Friday 17 August 2012

Tun Razak Exchange (TRX) : A Property Developers Nightmare



Prime Minister Datuk Seri Najib Razak recently launched projects with a Gross Development Value (GDV) of RM 26 billion is to be developed by government-owned development company, 1Malaysia Development Berhad (1MDB).

Land area of ​​70 acres located on the outskirts of Kuala Lumpur and is bordered by Jalan Tun Razak has been identified for the construction of 26 skyscrapers and are sure to increase the density of population and traffic congestion in the area.

Formerly known as Kuala Lumpur International Financial District (KLIFD) and converted to TRX for contributions and continue the legacy of the second prime minister and Najib's father Tun Abdul Razak Hussein.

The private real estate developers have strong reason to worry as the government offers various incentives to attract investors and tenants (tenant) to the area.

According to data provided by CB Richard Ellis (Malaysia) Sdn Bhd, the supply of office space in the Klang Valley today to increase by five to seven million square feet annually.

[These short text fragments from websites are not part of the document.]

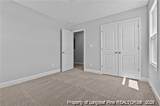 297 Marlborough  (Lot 450) Street - Photo 27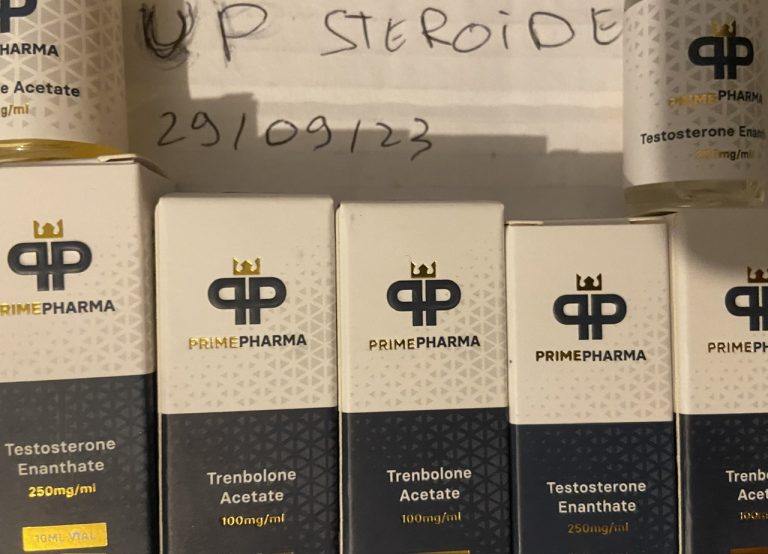 2023 09 30 6517e99467490 IMG 0034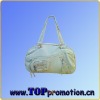 2012 hot selling lady bag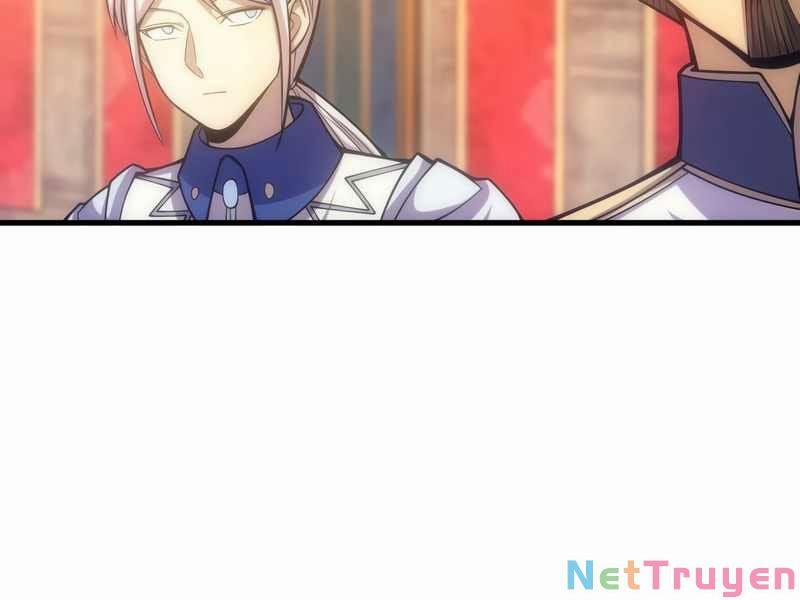 Tái Sinh Thành Công Chức Ở Một Thế Giới Xa Lạ 28 trang 229
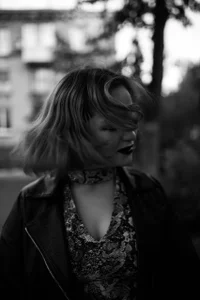 passion_melisa Public Pic 2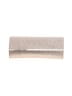 Unbranded 100% Polyurethane Gold Clutch One size - photo 1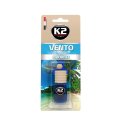 K2 Vento Paradise - aromatická vůně 8ml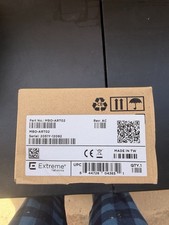 MBO-ART02 Extreme Network AP Mount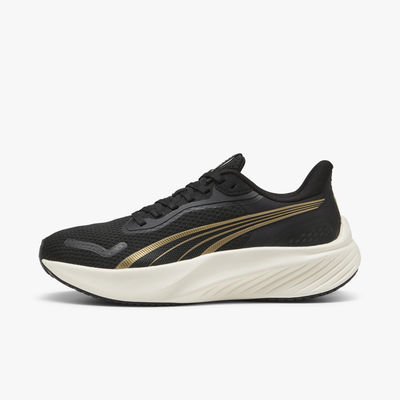 Puma Zapatillas Pounce Lite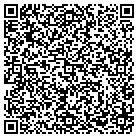 QR code with Warwick Assembly Of God contacts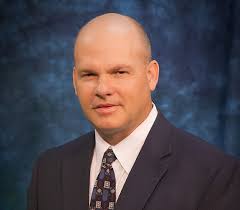 City Manager's Office Biographies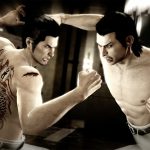 بازی Yakuza Kiwami روی سوییچ در دسترس قرار گرفت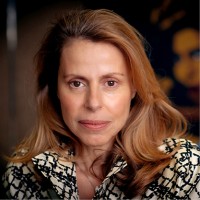 Directrice générale-gérante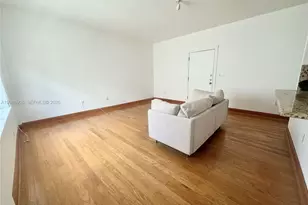1200 Euclid Ave, Miami Beach, FL 33139 - Photo 9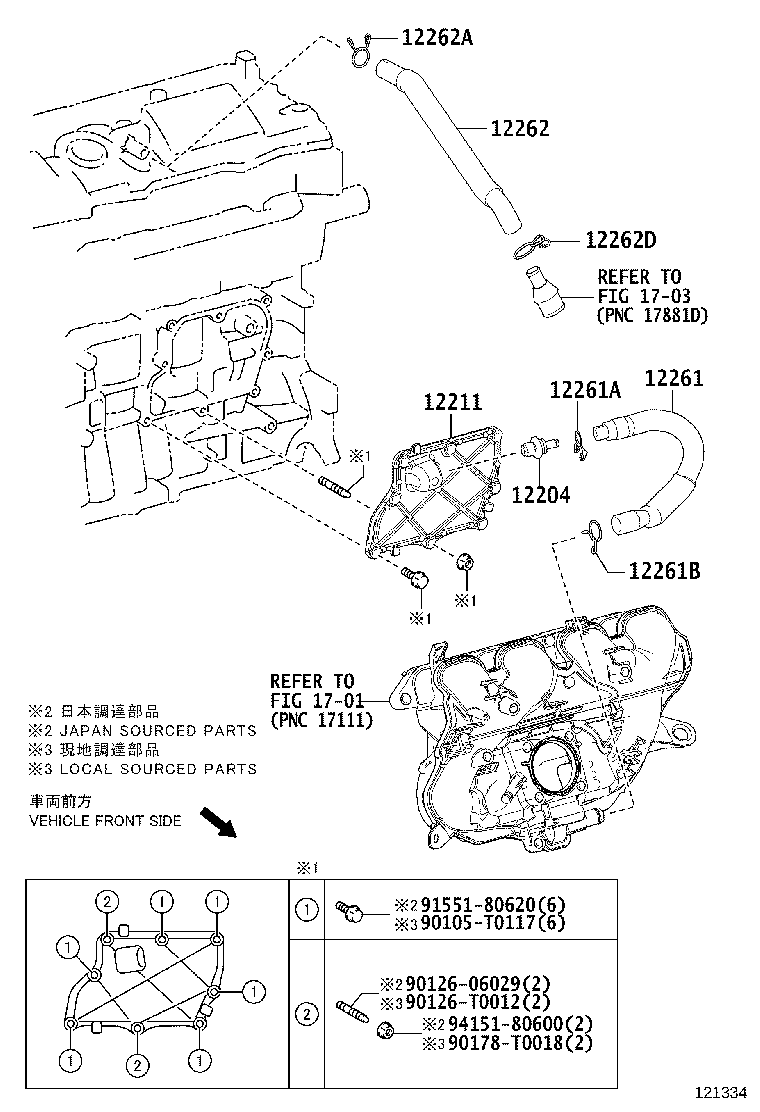 Figure 121334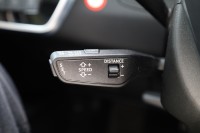 Audi A6 50 3.0 TDI quattro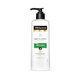 Tresemme Conditioner Pro Curls 250Ml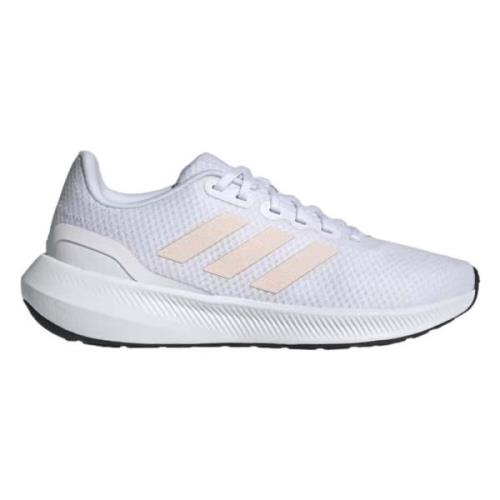 Runfalcon 3.0 Sneakers Adidas , White , Dames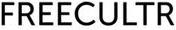 Freecultr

Since the year 2011, rental rates in Kuala Lumpur City Centre Round about RM7 and RM8 per sq ft and this (tenant market) profitable for the owners tenants is difficult to demand increase in rental rates.

With the addition of the total office space when TRX completed, it will put pressure on rental rates can cause the tenant to move into the office TRX following various incentives.

According to Bernama, between the incentives announced by the government is 100 per cent income tax exemption, the abolition of stamp duty on loan agreements and services and income tax exemption of 70 percent over five years to eligible property developer operating in the TRX.